Kia’s smallest car, the Picanto, is now here in its third version since the model’s debut in 2004. It is made in South Korea for sale in most parts of the world. A bit of web searching tells me there is a Picanto race series in Poland while a bit of travel the other week turned up fleets of the last generation Picanto in Havana – where you’ll pay around €45,000 for a secondhand import. Such is the cost of car ownership in Cuba, where even beat-up 1950s American cars with Asian diesel engines sell for €18,000 and more.
Owning any car in Cuba is a luxury, and they have to earn their keep – hence the Picanto hire cars there plus larger Kias, various Hyundais from its parent company and Peugeots of all generations.
Fortunately, the price of even a new Picanto in Britain is nothing like €45,000 and you’ll probably enjoy it as a household companion, small and parkable, and reasonably sweet mannered for commuting or holidays. Prices start at £9,450 for the entry three-cylinder 998cc engine. The three-door model has been dropped for the convenience of five-doors and five seats.
This all-new model uses more high-strength steel, double the amount in the previous model at 44 per cent. It saves 23kg in body weight but, more importantly for the occupants, makes the structure stiffer, which means it does not flex as much. This makes it more comfortable by reducing harshness, noise and vibration – also helped by adding an additional 60 metres of adhesive bonding for the body sections. The outgoing model had a measly 7.8 metres. There is more insulation against noise, new engine mounts, quieter heater outlets and lowered screen wiper positioning to dim roar from the wind.
The length is the same – 3.6 metres, or nudging 12 feet, but slightly taller. The wheelbase is longer, the front overhang is shorter and the rear suspension now uses a u-shaped torsion beam and lighter components.
These are all the bits of a car you never see but, hopefully, feel the benefit of in handling and economy and, well, a happier life. Redesigning the body gave a small increase in room in the front, where the seats are set lower. Luggage capacity is increased.
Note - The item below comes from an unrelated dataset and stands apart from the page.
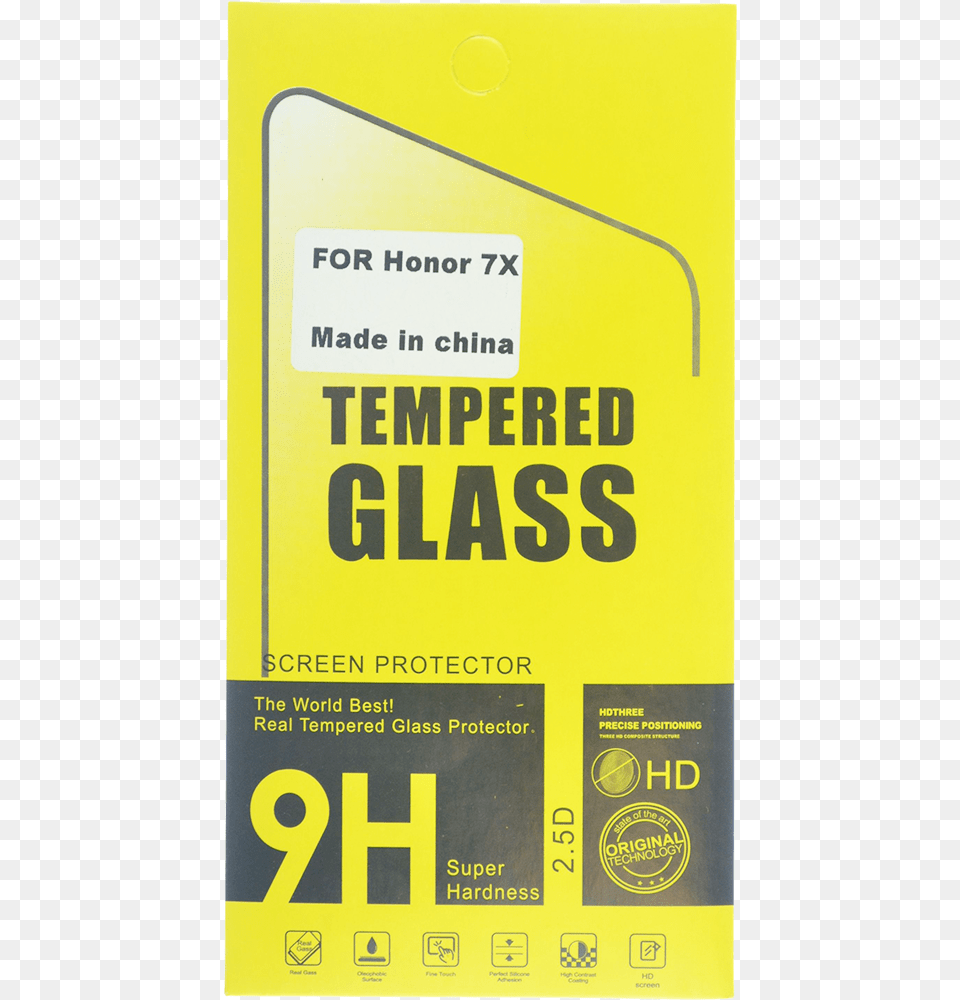 Huawei Honor 7x Tempered Glass Screen Protector Tempered Glass For Iphone, Advertisement, Poster, Sign, Symbol Free Png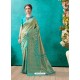 Trendy Sky Blue Banarasi Silk Embroidered Sari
The Picanto has had good reviews from the specialist Press and has the seven-year warranty which is a comfort for private owners who have invested their own cash. If you are new to Kia, the specification ladder is numeric, 1,2 and 3 and, in the case of the Picanto, a mock sporty GT-Line – the model tested here. With the 66bhp one-litre naturally aspirated engine it costs £11,950, rising to £12,450 with the 83bhp 1.25-litre four-cylinder turbo engine – also offered in upgraded GT-Line S spec at £13,950. All models use a five-speed manual gearbox but the 1.25 engine is offered with a four-speed automatic gearbox from £11,900 in Grade 2 trim.
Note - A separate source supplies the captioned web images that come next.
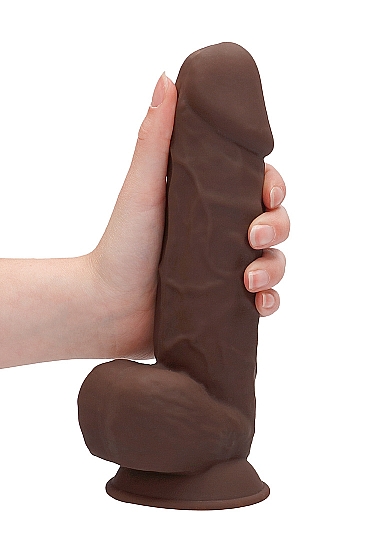 Фаллоимитатор Silicone Dildo With Balls - 21,6 см.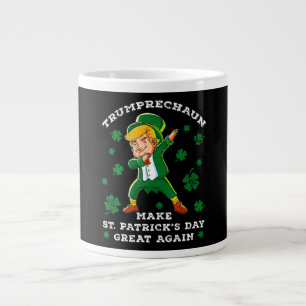 Caneca De Café Grande Torne o Dia de São Patrício Grande Novamente Engra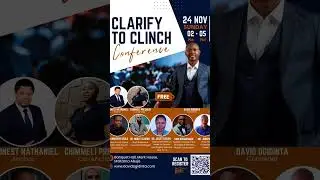 Clarify to Clinch Conference Abuja November 24th #coaching #clarifytoclinch #conference #abuja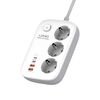 Сетевой фильтр удлинитель Ldnio SE3436 2 USB/ 2 Type-C 65W 3 розетки 3250W 2m white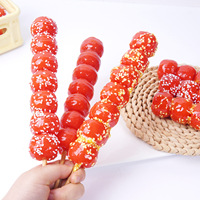 1:1 gesimuleerd gekonfijt meidoornornament, gesimuleerd meidoornfruitmodel, sesam gekonfijte meidoornspiesjes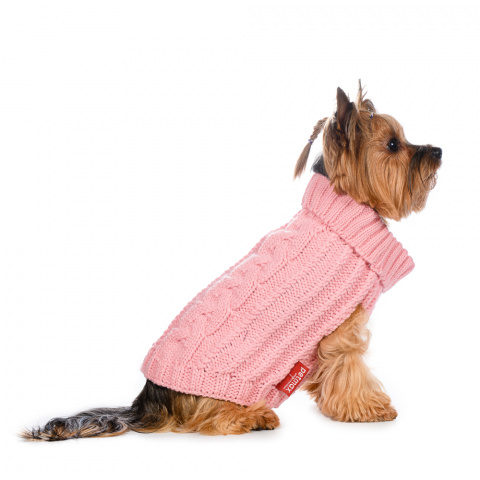 Свитер для собак вязаный розовый 20 см XS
While the intention is for “everyday” utility and not the hot hatch buyer, those who like a bit more fizz can have a 99bhp turbo direct injection one-litre petrol engine – the most muscle offered in a Picanto. It arrives at the end of the year. There are no plans for a diesel engine.
Catalogue ratings are around 64mpg for the entry model and just 101g CO2, and 61mpg and 106g for the 1.25 engine. The automatic model, however, slips to 52mpg and 124g. News on the 99bhp model is awaited.
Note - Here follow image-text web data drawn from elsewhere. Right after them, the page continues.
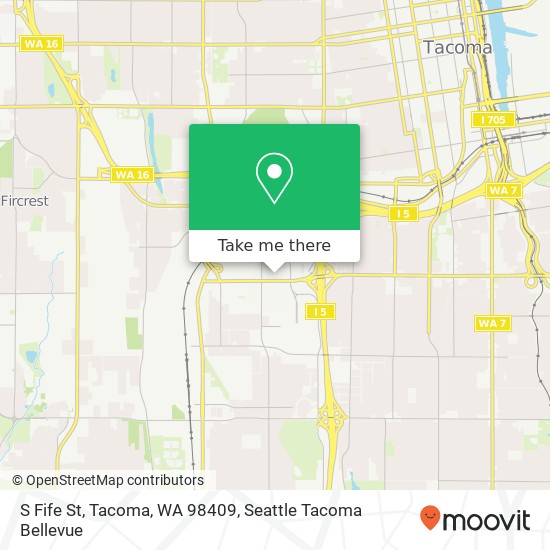 Mapa de S Fife St, Tacoma, WA 98409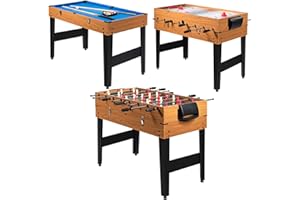 OFFICEJOY Multiple Foosball Table, 3 in 1 Game Table with Soccer, Sling, Horkey Game, 48" Combo Soccer Table for Kids, Adult, Party, Gatherings, Clubs, Game Room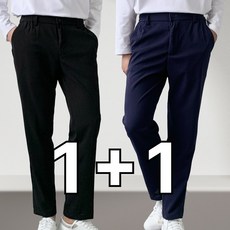 미제이 2P 남자 밴딩 슬랙스 프리미엄 구김없는 바지 1+1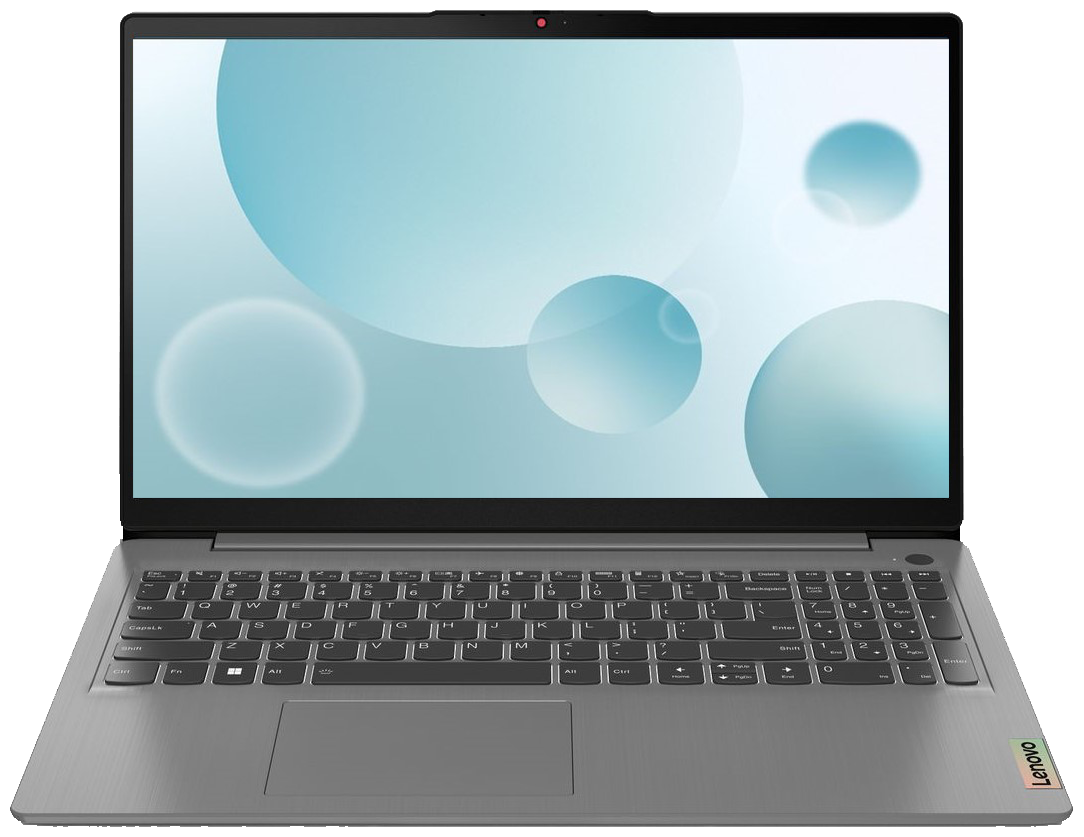 Ноутбук Lenovo IdeaPad 3 Gen 7 15.6" FHD IPS/Core i5-1235U/8GB/512GB SSD/Iris Xe Graphics/DOS/RUSKB/серый (82RK00EVRK)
On the entry grade 1 you get powered front windows, remote locking, USB and Aux slots, a 60/40 rear seat split, and steel wheels. Grade 2 adds air conditioning, powered rear windows and mirrors, Bluetooth and 14-inch alloys. Grade 3 adds 15-inch wheels, emergency braking, climate and cruise control with a speed limiter, digital audio and sat nav. GT-Line gets 16-inch alloys, twin exhaust, sunroof, rear camera, push button ignition and colour keyed cosmetic details. The S version has sat nav and display on a floating screen.
All models have torque vectoring which can sense when you are drifting in a corner and brakes the appropriate wheel to bring you back on course. The autonomous emergency brake can anticipate a shunt and stop or partially stop the Picanto. It is a £350 option on the lower grades. It will be rewarded by a high score in the Euro Ncap crash safety tests when the Picanto is submitted.
That’s enough on paper about the Picanto. On the road is where, so to speak, the wheels sometimes come off factory blurb.
You are boosted by a variety of red highlighting in this white car, with red and black grille sections, a very nice leather rimmed steering wheel and aluminium pedals with non-slip rubber treads. The quality picture fades with some scratchy plastics on the control area and door cladding but that’s not a major worry. Flick-out, push-button cupholders are a tasty touch.
The 0-62mph time of 11.6 seconds tells you it’s not a stunner from the lights but cars like this are “fast enough” and meet a need for an enjoyable town and country hatchback.
Verdict: Worth a trial if the size fits your life.